France | France, Conseil d'État, 6ème - 5ème chambres réunies, 24 avril 2019, 412271


Vu les procédures suivantes :

1° Sous le n° 412271, par une requête et un mémoire en réplique, enregistrés le 8 juillet 2017 et le 18 juin 2018 au secrétariat du contentieux du Conseil d'Etat, M. B...C...demande au Conseil d'Etat :

1°) d'annuler pour excès de pouvoir le décret n° 2017-892 du 6 mai 2017 portant diverses mesures de modernisation et de simplification de la procédure civile ;

2°) de mettre à la charge de l'Etat la somme de 12 000 euros au titre de l'article L. 761-1 du code de justice administrative.

2° Sous le n° 412310, par une requê

te et un mémoire en réplique, enregistrés le 10 juillet 2017 et le 18 juin 2018 au secrét...

Vu les procédures suivantes :

1° Sous le n° 412271, par une requête et un mémoire en réplique, enregistrés le 8 juillet 2017 et le 18 juin 2018 au secrétariat du contentieux du Conseil d'Etat, M. B...C...demande au Conseil d'Etat :

1°) d'annuler pour excès de pouvoir le décret n° 2017-892 du 6 mai 2017 portant diverses mesures de modernisation et de simplification de la procédure civile ;

2°) de mettre à la charge de l'Etat la somme de 12 000 euros au titre de l'article L. 761-1 du code de justice administrative.

2° Sous le n° 412310, par une requête et un mémoire en réplique, enregistrés le 10 juillet 2017 et le 18 juin 2018 au secrétariat du contentieux du Conseil d'Etat, M. A...D...demande au Conseil d'Etat :

1°) d'annuler pour excès de pouvoir le même décret ;

2°) de mettre à la charge de l'Etat la somme de 12 000 euros au titre de l'article L. 761-1 du code de justice administrative.

....................................................................................

Vu les autres pièces des dossiers ;

Vu :

- la Constitution, notamment son Préambule et ses articles 34 et 37 ;

- la convention européenne de sauvegarde des droits de l'homme et des libertés fondamentales ;

- le pacte international relatif aux droits civils et politiques du 19 décembre 1996 ;

- le code de procédure civile ;

- le code de justice administrative ;

Après avoir entendu en séance publique :

- le rapport de Mme Cécile Vaullerin, auditeur,

- les conclusions de M. Louis Dutheillet de Lamothe, rapporteur public.

Considérant ce qui suit :

1. Les requêtes de MM. C...et D...sont dirigées contre le même décret.
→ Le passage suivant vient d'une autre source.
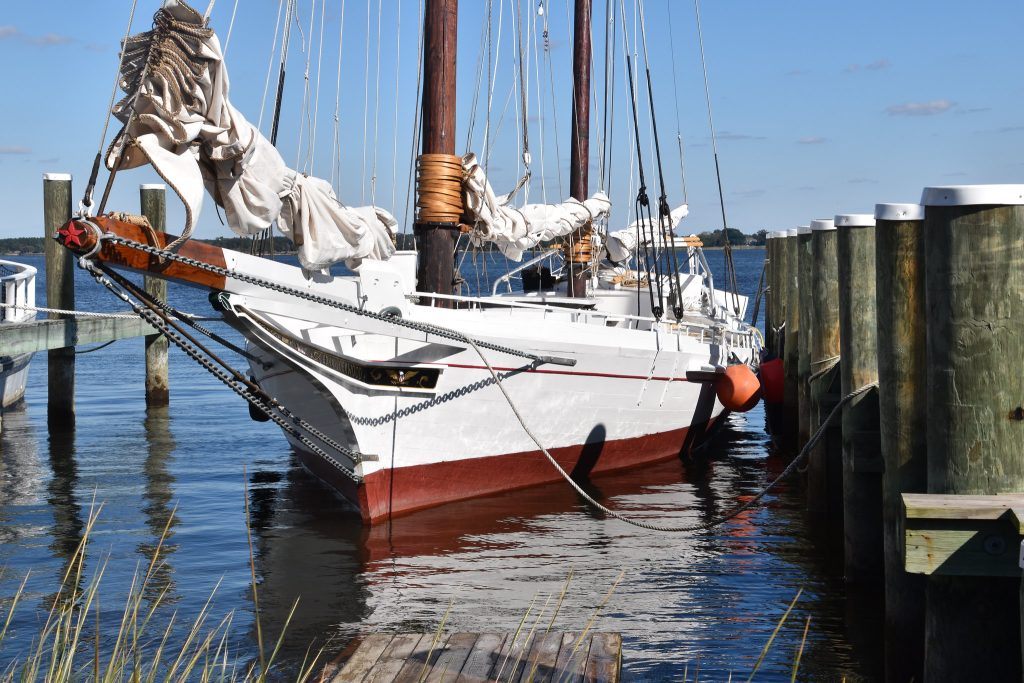 44857028975_34e2a04596_k - Chesapeake Bay Maritime Museum Image of Edna Lockwood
Il y a lieu de les joindre pour statuer par une seule décision.

2. L'association Le grand barreau de France justifie, eu égard à son objet, d'un intérêt suffisant à l'annulation du décret attaqué. Ses interventions sous les nos 412271 et 412310 sont donc recevables.

Sur la consultation du Conseil d'Etat :

3. Lorsque, comme en l'espèce, un décret doit être pris en Conseil d'Etat, le texte retenu par le Gouvernement ne peut être différent à la fois du projet qu'il a soumis au Conseil d'Etat et du texte adopté par ce dernier. Il ressort des pièces versées au dossier par le Premier ministre que le décret attaqué ne comporte aucune disposition différant à la fois de celles qui figuraient dans le projet du Gouvernement et de celles qui ont été adoptées par la section de l'intérieur du Conseil d'Etat. Dès lors, le moyen tiré de la méconnaissance des règles qui gouvernent l'examen par le Conseil d'Etat des projets de décret doit être écarté.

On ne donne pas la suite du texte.